Activation functions you might have missed



Original Source Here

Activation functions you might have missed

Should you “swish” to these new inventions, or stay with the oldies but goldies?

The pace of scientific progress in the field of machine learning is unparalleled these days. It is quite hard to stay up-to-date, unless only within a narrow niche. Every now and then, a new paper pops up claiming to have achieved some state-of-the-art results. Most of these new inventions never make it to become default go-to methods, sometimes because they prove not as good as it was initially hoped, but sometimes simply because they end up crumpled in the flood of new publications.

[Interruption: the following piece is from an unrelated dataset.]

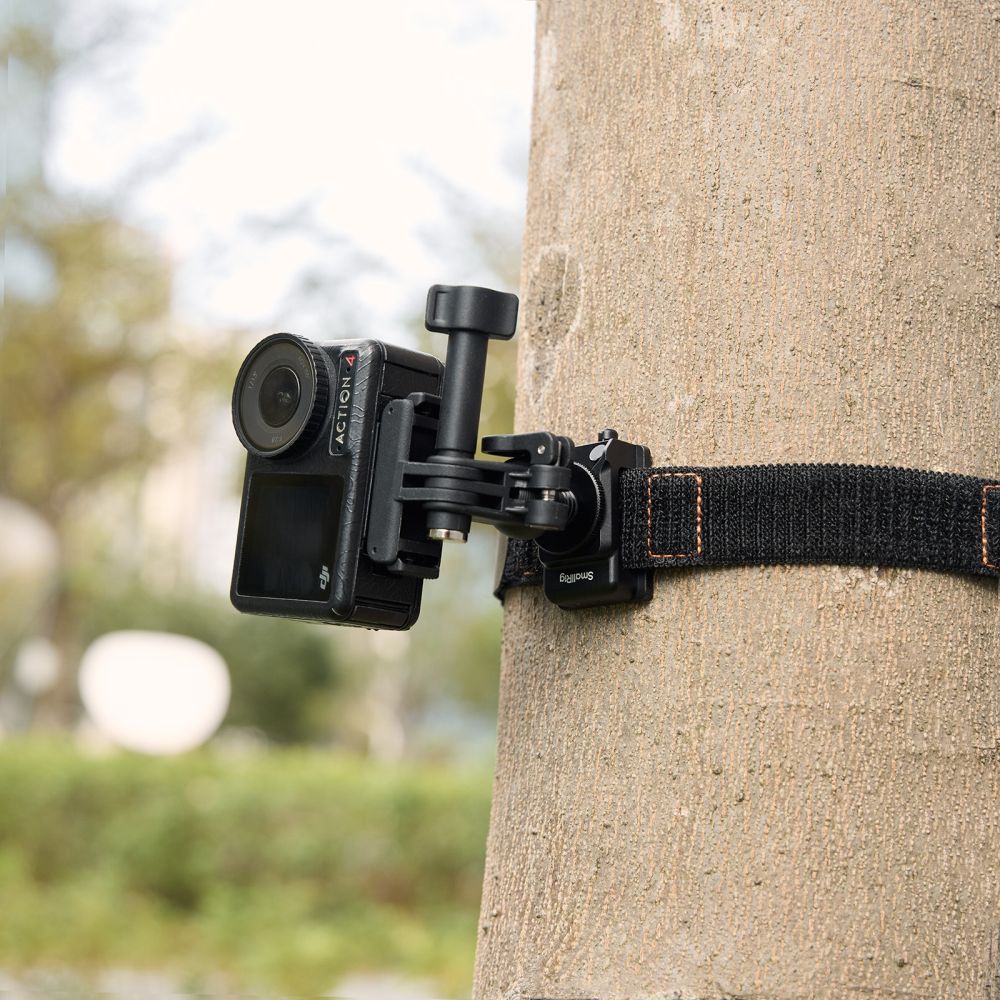 SmallRig 5711 Cold Shoe Mount with Hook and Loop Strap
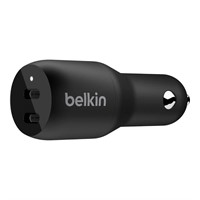 BELKIN CCB002btBK Black BOOST CHARGE Dual USB-C Ca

What a shame it would have been to miss some golden nugget! Dread not, for I got you covered. I have recently browsed through some relatively recent papers on one of the building blocks of neural networks: the activation functions. Let’s take a look at a couple of the most promising ones to see why are they good and when to use them. But before we do, we will quickly go through the commonly used activations to understand what problems do they solve or create. If you can tell between PReLU and RReLU, feel free to scroll down past the first two sections.

Why activate anyway?

Inside each neural network’s unit, the unit’s inputs are multiplied with some weight parameters W, a bias b is added, and the result is fed into a function, referred to as activation function. Its output, in turn, is the unit’s output that is passed to the next layer of units.

The insides of a NN’s unit. Image by the author.

The activation function could in principle be any function, as long as it is not linear. Why? Should we use a linear activation (which includes an identity function, meaning no activation at all), our network would effectively become a simple linear regression model, no matter how many layers and units we use. This is because a linear combination of a linear combination can be expressed as a single linear equation.

Such a network would have limited learning capabilities, hence the need to introduce a non-linearity.

Classical activation functions

Let’s take a quick look at the five most commonly used activation functions. Here they are, implemented using numpy.

Classical activation function: numpy implementation. Image by the author.

And here is what they look like:

Classical activation function: plots. Image by the author.

Let me discuss each of them shortly.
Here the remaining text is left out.